Stored items from a collection
# # # # #
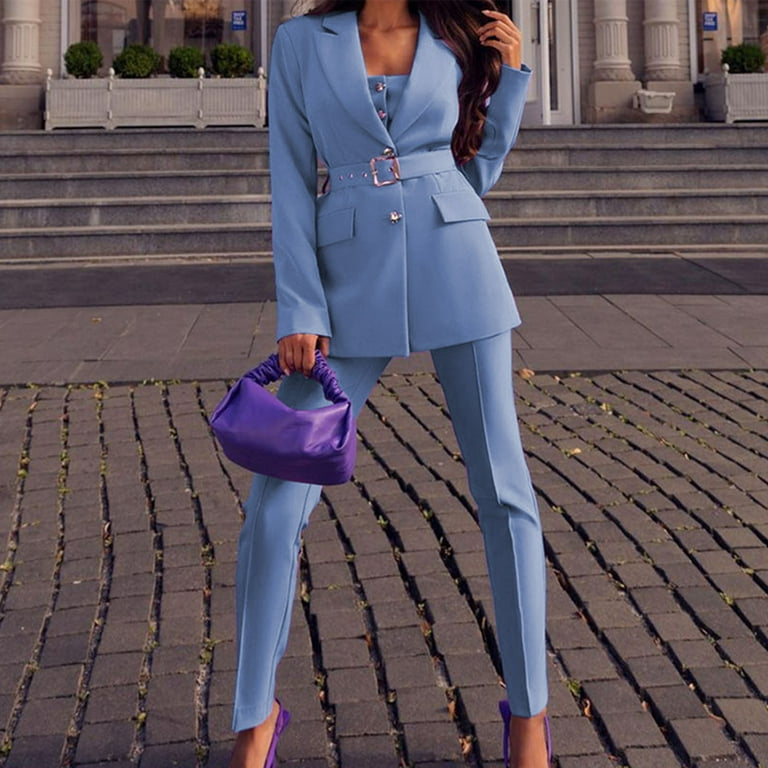 QUYUON Women Blazer Sets with Pants Suits Long Sleeve Notched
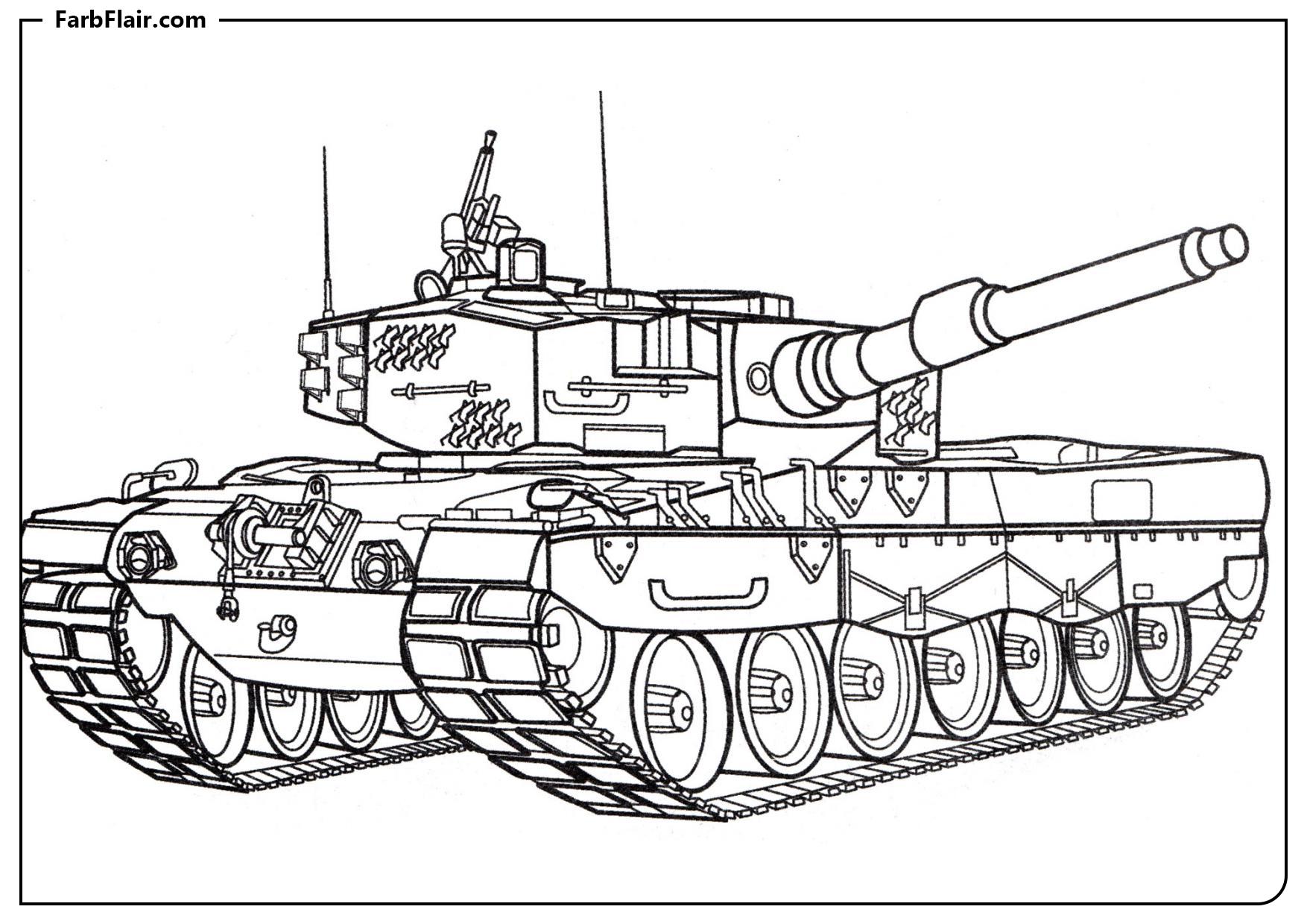 Ausmalbild Panzer Leopard 1 Kostenloses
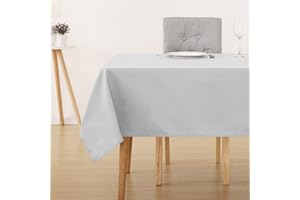 Deconovo Mantel Rectangular Impermeable de Poliéster Antimanchas para Hogar, Cocina y Salón, 130x220 CM, Gris Claro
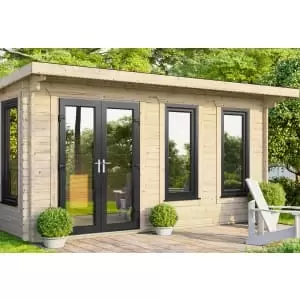 Image of Power Sheds 16 x 10ft Left Hand Door Pent Notched Logs Log Cabin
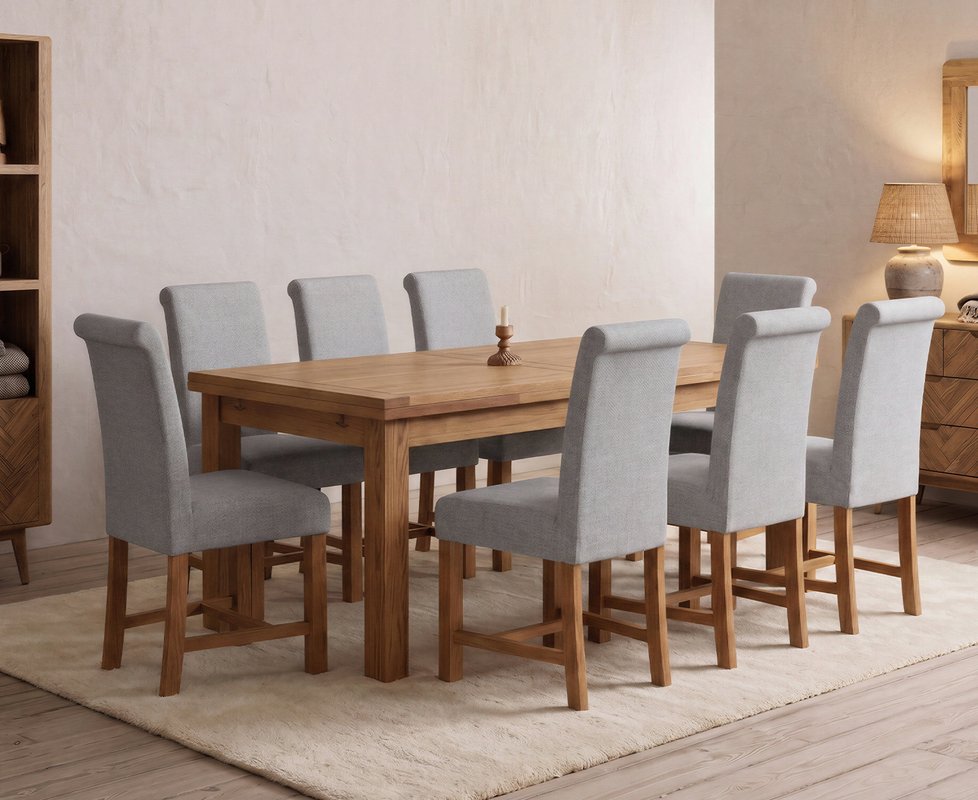 Photo 1 of Extending buxton 180cm solid oak dining table with 8 grey braced chairs Photo 1 of Extending buxton 180cm solid oak dining table with 8 grey braced chairs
# # # # #
> **Prompt**
Reproduce each entry above word for word. Pictures are not part of the copy.

> **Response box**
 QUYUON Women Blazer Sets with Pants Suits Long Sleeve Notched
 Ausmalbild Panzer Leopard 1 Kostenloses
 Deconovo Mantel Rectangular Impermeable de Poliéster Antimanchas para Hogar, Cocina y Salón, 130x220 CM, Gris Claro
 Image of Power Sheds 16 x 10ft Left Hand Door Pent Notched Logs Log Cabin
 Photo 1 of Extending buxton 180cm solid oak dining table with 8 grey braced chairs Photo 1 of Extending buxton 180cm solid oak dining table with 8 grey braced chairs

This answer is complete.